Experiential. That’s the buzzword in business these days. And, for retail, that’s where brick-and-mortar really shines. Individual businesses call it customer service, destinations like shopping districts and malls build on that through events and, yes, their mix of merchants.
The street-level experience in Downtown Tempe is ever evolving and we are constantly looking for ways to support the entrepreneurs that want to call this place home. It’s these businesses that make our downtown unique, and we are proud that more than 70% are locally owned. Without diverse merchants at the street level, we wouldn’t be the funky, eclectic urban center that we are.
All downtowns also rely on their business owners to be partners in the growth of the downtown. These people are our neighbors and they are committed to the place. Local businesses also bring jobs to our downtown that support the larger economy. As we continue the recovery, it’s imperative that these businesses are supported and continue to thrive. They create our character and they are worth celebrating!
“Retail on Top” is this month’s cover story. The feature is a shopping trip to look at “Why Brick-and-Mortar Businesses Are Booming.” In Business Magazine editor RaeAnne Marsh explores the experiences of mom-and-pop establishments with a single location, businesses whose clientele support them at multiple locations and those with growth strategies to expand far beyond our local borders. She also takes a look at some of our Valley’s special shopping destinations — and sets the whole story off with an in-depth look at the evolution of the shopping mall here in Greater Phoenix.
Another feature this month addresses a couple of the “quiet” things going on with employee treatment. Side-by-side articles deal with the issues of companies not promoting otherwise-deserving employees out of fear the company couldn’t find a replacement and companies piling on job responsibilities without acknowledging the “promotion” officially through salary or title adjustments: “Advancing Positions: Avoid Promotion-Avoidance Strategies” and “Advancing Positions: Dangers of ‘Quiet Promotion.’”
Important legal changes are (or may be) coming that will affect business. In this month’s Legal feature, attorney Erin Dunlap discusses what businesses need to know about the proposed American Data Privacy and Protection Act and suggests now is a good time for businesses to review and potentially make changes in their privacy policies. And in the “Roundtable” feature, attorney Helen Holden wants to make businesses aware of an issue that’s gaining traction as a political item: a nationwide ban on noncompete agreements.

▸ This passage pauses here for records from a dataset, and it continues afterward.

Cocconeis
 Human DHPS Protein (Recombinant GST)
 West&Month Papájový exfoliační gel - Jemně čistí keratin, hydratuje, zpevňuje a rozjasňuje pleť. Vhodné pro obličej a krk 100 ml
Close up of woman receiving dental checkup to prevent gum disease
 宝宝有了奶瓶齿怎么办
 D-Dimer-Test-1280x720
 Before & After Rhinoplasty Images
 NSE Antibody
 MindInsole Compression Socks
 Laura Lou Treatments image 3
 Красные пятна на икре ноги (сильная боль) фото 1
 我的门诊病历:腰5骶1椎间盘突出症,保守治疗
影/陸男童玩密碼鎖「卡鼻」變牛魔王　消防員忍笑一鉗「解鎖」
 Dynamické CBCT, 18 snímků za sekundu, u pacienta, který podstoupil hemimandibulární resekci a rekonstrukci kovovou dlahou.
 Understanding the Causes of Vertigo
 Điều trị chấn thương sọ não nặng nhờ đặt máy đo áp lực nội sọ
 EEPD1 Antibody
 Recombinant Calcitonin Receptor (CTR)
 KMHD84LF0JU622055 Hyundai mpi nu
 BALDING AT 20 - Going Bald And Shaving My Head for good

Other relevant and important information that impacts our business community fill the pages this month on our economy, startups, healthcare, technology and more. I am pleased to be part of this February edition of In Business Magazine to share this content with you. I hope you enjoy the read.
President and CEO
Downtown Tempe Authority
Kate Borders assumed the leadership position of the downtown Tempe enhanced services district in 2014. She relocated to Tempe from Fresno, California, where she was president and CEO for the Downtown Fresno Partnership, a similarly structured business improvement district that is working to revitalize Downtown Fresno. Before joining the Downtown Fresno Partnership, Borders served as executive director of East Town Association in Milwaukee, Wisconsin. East Town is a membership-based organization that produces large-scale events in an effort to stimulate the local economy. Originally from South Carolina, Borders received her B.A. in music from The University of Arizona and a master’s degree in nonprofit arts management from Columbia College in Downtown Chicago.